Los venenos de serpientes son ampliamente utilizados como herramientas de laboratorio para estudios de mecanismos fisiológicos, farmacéuticos y toxicológicos. Los venenos son recursos ricos en diferentes clases de proteasas que actúan sobre los factores de la cascada de coagulación, fibrinogenólisis y fibrinólisis, alterando los procesos homeostáticos y las fosfolipasas A2, los cuales están involucrados en procesos inflamatorios y de coagulación. Los productos naturales como los aceites esenciales se componen de ingredientes activos de amplia aplicación en las industrias alimentaria, farmacéutica y cosmética. El presente estudio evalúa los aceites esenciales de Mentha viridis y Mentha pulegium sobre la coagulación, fibrinogenólisis y degradación de azocaseína, inducida por los venenos de Bothrops sp. y Lachesis muta muta.
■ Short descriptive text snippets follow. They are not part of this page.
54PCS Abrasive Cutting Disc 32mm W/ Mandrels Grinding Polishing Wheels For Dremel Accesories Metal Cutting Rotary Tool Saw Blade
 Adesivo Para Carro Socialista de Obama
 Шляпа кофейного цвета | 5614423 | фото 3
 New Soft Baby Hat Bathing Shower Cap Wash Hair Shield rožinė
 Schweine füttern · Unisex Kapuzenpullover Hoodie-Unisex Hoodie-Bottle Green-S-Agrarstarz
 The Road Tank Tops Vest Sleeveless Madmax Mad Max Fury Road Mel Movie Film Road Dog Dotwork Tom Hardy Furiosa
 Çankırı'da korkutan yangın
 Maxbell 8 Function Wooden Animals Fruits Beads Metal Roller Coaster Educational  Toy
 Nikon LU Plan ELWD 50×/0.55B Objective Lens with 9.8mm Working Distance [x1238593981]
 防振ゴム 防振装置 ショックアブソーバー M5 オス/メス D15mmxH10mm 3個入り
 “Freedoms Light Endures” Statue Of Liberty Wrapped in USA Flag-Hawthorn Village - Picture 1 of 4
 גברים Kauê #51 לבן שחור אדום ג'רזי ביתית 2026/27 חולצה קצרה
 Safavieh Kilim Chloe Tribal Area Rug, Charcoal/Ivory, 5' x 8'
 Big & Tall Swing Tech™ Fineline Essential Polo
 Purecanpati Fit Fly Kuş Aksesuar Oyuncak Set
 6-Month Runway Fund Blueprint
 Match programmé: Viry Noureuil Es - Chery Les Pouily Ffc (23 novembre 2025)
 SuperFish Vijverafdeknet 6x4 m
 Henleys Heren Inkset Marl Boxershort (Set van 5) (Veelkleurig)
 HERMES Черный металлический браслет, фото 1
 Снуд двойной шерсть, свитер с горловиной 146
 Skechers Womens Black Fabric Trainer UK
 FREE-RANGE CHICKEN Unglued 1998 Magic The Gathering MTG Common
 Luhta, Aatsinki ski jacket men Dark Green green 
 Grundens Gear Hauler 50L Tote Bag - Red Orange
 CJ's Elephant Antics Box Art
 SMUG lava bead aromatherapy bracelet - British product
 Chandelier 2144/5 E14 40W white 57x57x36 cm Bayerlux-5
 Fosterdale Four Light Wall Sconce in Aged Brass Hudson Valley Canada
Los aceites esenciales fueron obtenidos por hidrodestilación y sus componentes principales fueron identificados respectivamente como el linalool (40.70 %), carvona (13.52 %) y α-terpineno (8.56 %); pulegone (50.01 %), mentol (31.9 %) y mentona (15.56 %). Los aceites esenciales fueron previamente incubados con veneno de Bothrops alternatus, durante dos tiempos diferentes, luego se agregó el plasma y fue registrado el tiempo. El aceite de M. viridis presentó el más grande potencial anticoagulante. Mientras tanto, el aceite de M. pulegium presentó actividad anticoagulante o procoagulante dependiendo de la dosis evaluada. El tiempo de incubación también influyó en el efecto de los aceites sobre el tiempo de coagulación. En el ensayo azocaseínolitico, el aceite de M. pulegium redujo la actividad para todos los venenos evaluados. La inhibición más alta inducida para el veneno de B. jararacussu fue de 39.99 %, para M. viridis la actividad fue reducida en 57.72 %, mientras que para B. moojeni, la mayor inhibición observada fue de 74.67 %. La fibrinogenólisis inducida por el veneno de B. moojeni fue totalmente inhibida por ambos aceites en las proporciones evaluadas. Los resultados muestran la presencia de inhibidores de proteasas en los aceites, como las serinas y metaloproteasas (actuando sobre los factores de coagulación o sobre la actividad hemorrágica), como también fosfolipasas A2 (enzimas involucradas en los procesos de inflamación y coagulación), los cuales son inhibidores de amplia aplicación en áreas médicas y biotecnológicas.